= National Council for the Training of Journalists =

The National Council for the Training of Journalists (NCTJ) was founded in 1951 as organisation to oversee the training of journalists for the newspaper industry in the United Kingdom and is now playing a role in the wider media. It is a self-appointed body and does not hold any statutory powers from central government, meaning students and those seeking to enter the media industry do not have to legally hold one of its qualifications to obtain work as a journalist.

==Purpose==
The NCTJ delivers the premier training scheme for journalists in the United Kingdom The NCTJ offers a range of qualifications for those beginning a career in journalism and for those who want to continue their professional development. The Level 3 Diploma in Journalism introduced in 2007 and the Level 5 National Qualification in Journalism (NQJ) introduced in 2013 have been joined by apprenticeship and foundation certificate qualifications. Qualifications cover news, magazine, production, sports, business and finance, online, video, radio and television journalism. Courses are vocational, focusing on skills convergence and multimedia journalism.

The NCTJ is a charity for all media with a professional awarding body recognised by Ofqual, Qualification Wales and CCEA Northern Ireland, an accreditation board, Student Council, focus groups and forums, and the annual Journalism Skills Conference.

NCTJ alumni include Mark Austin, Piers Morgan, Kay Burley, John Inverdale, Reshmin Chowdhury, Geordie Greig and Helen Skelton.

As well as being the examining body, the NCTJ offers short training courses to refresh candidates' knowledge prior to them sitting exams, and also for professionals looking for related training.

The NCTJ is also a professional awarding body recognised by the Office of Qualifications and Examinations Regulator Ofqual.

==Diploma in Journalism==

The Diploma in Journalism is a Level 5 qualification that is made up of four mandatory subjects – essential journalism, essential journalism e-portfolio, essential journalism ethics and regulation and essential media law and regulation – and a selection of elective skills modules.

To meet the gold standard, candidates have to achieve grades A-C in all subjects plus 100wpm shorthand.

==NQJ==
The National Qualification in Journalism (NQJ) is a Level 5 qualification that examines all-round competence in a range of essential journalism skills.

To be eligible to sit the NQJ, candidates must have achieved the gold standard in the Diploma in Journalism and have undertaken a period of 18 months' full-time employment on a newspaper or news agency.

==The Oxdown Gazette==
The Oxdown Gazette was a fictional newspaper launched in October 1979, used by the NCTJ as a setting for its journalism exam papers. Trainee journalists would have to write reports on fires, floods, rail crashes and fatal accidents in the imaginary town of Oxdown. The idea was to replicate, as far as possible, the sense of local knowledge trainees would have if working for a real paper.

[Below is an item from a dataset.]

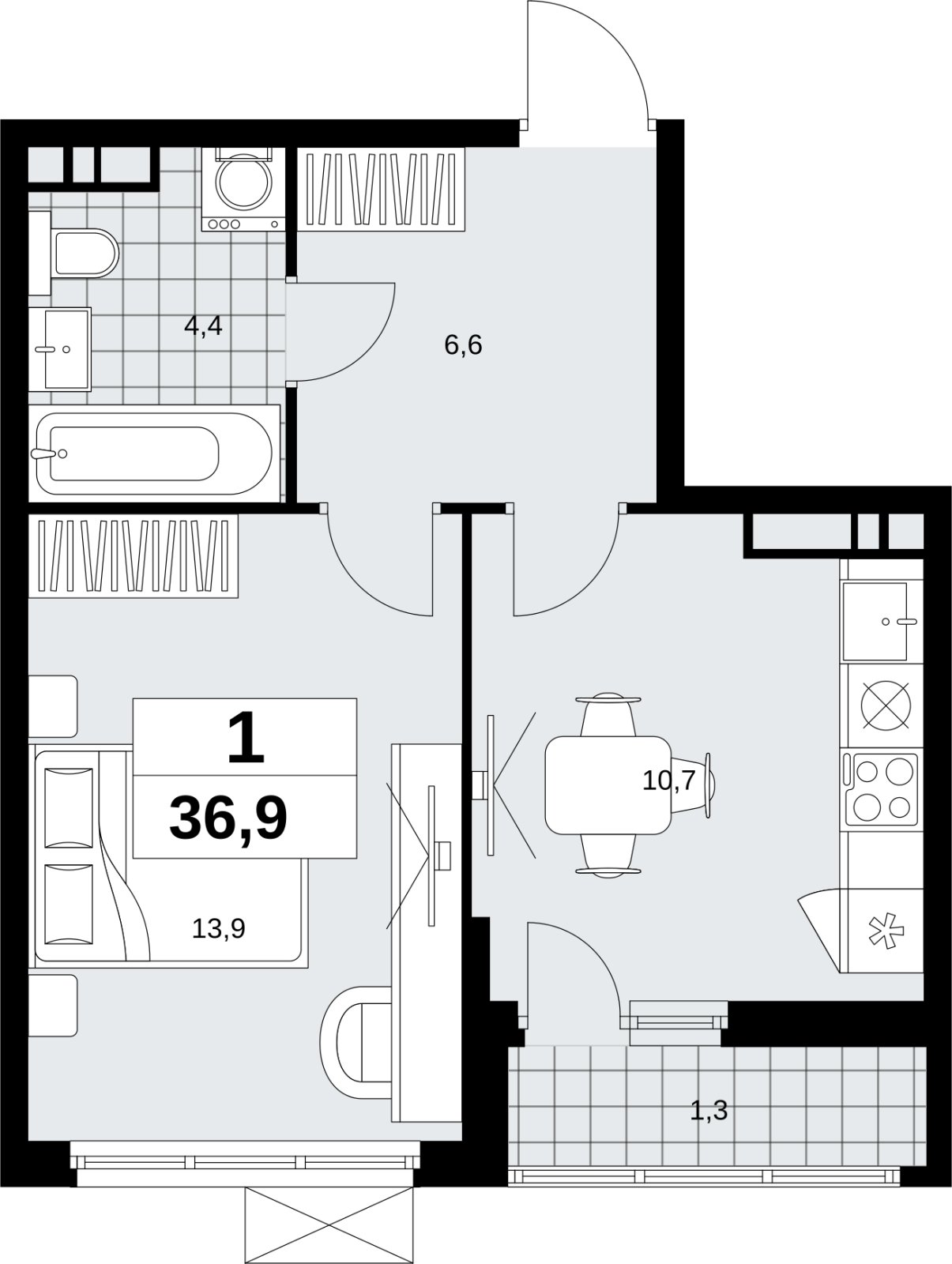 1-комнатная квартира без отделки, 36.9 м2, 9 этаж, сдача 4 квартал 2026 г., ЖК Скандинавия, корпус 2.18.2.5 - объявление 2351684 - фото №1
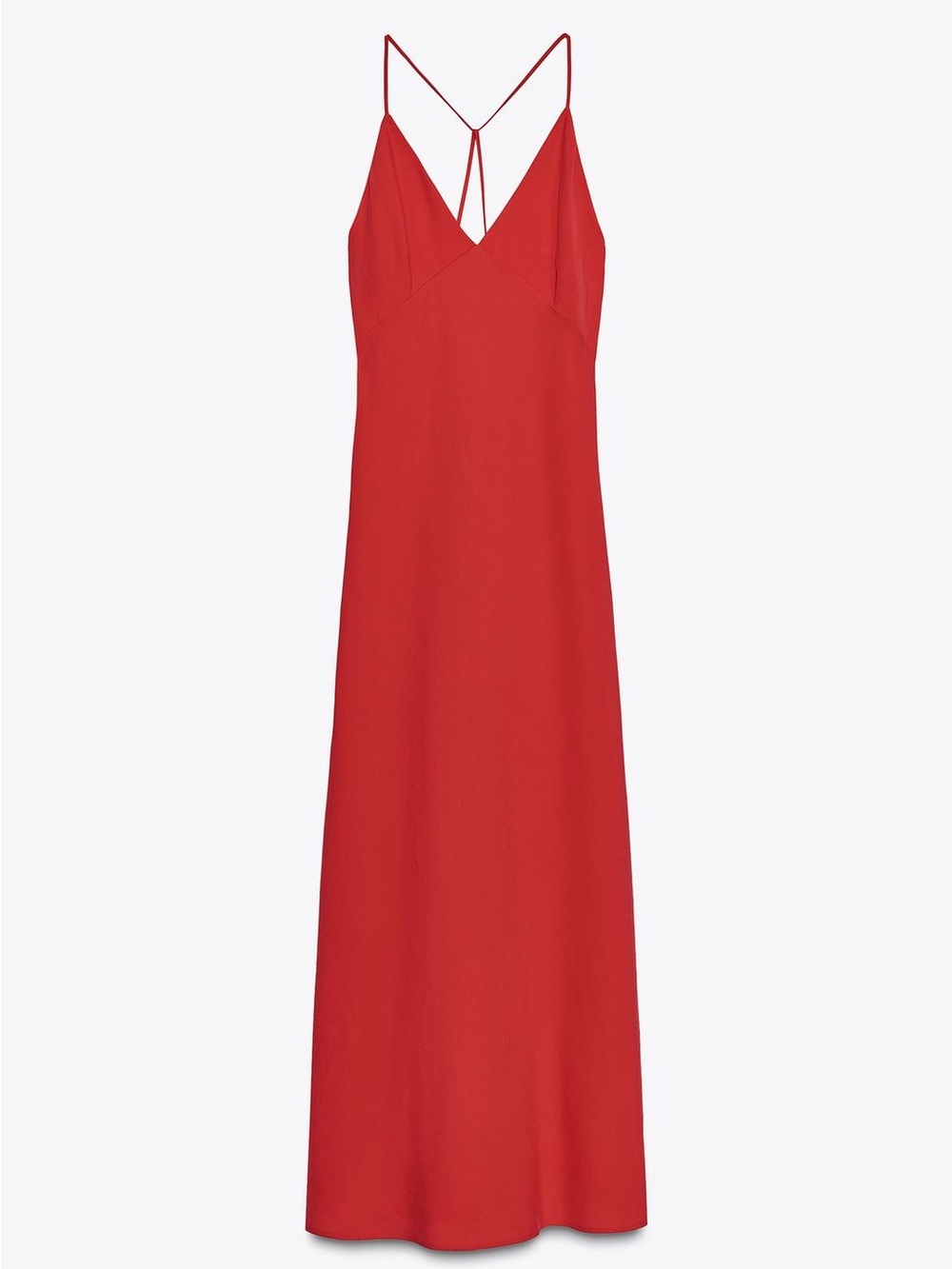 Zara NWT ZW COLLECTION Camisole Maxi Slip Red Dress Spaghetti Strap Quiet Luxury - Picture 7 of 16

In 2006, the NCTJ decided that it would no longer use Oxdown – instead, a variety of locations and publications would feature on its exam papers. This did not go down well with some journalists and journalism lecturers, who had a sentimental attachment to the fictional town and launched a campaign to save it. This was however unsuccessful and in the next sitting of the seniors' exam, the NCTJ actually blew the town up, using a series of deadly explosions as the backdrop for the news report section of the paper.

==Journalists at Work survey==
The NCTJ published four "Journalists at Work" survey reports authored by Mark Spilsbury, in 2002, 2012, 2018 and 2024. Over 1,000 journalists were surveyed for the first two, 885 for the third and 1025 in 2024.The 2018 survey found an increase in the number of UK journalists, but a drop in their real wages, and a trend towards a "London-centric" industry. The 2024 survey found that social class still affects the likelihood of someone entering the profession, with sixty-seven per cent of journalists having a parent in one of the three highest occupational groups, compared to 45 per cent of all UK  workers.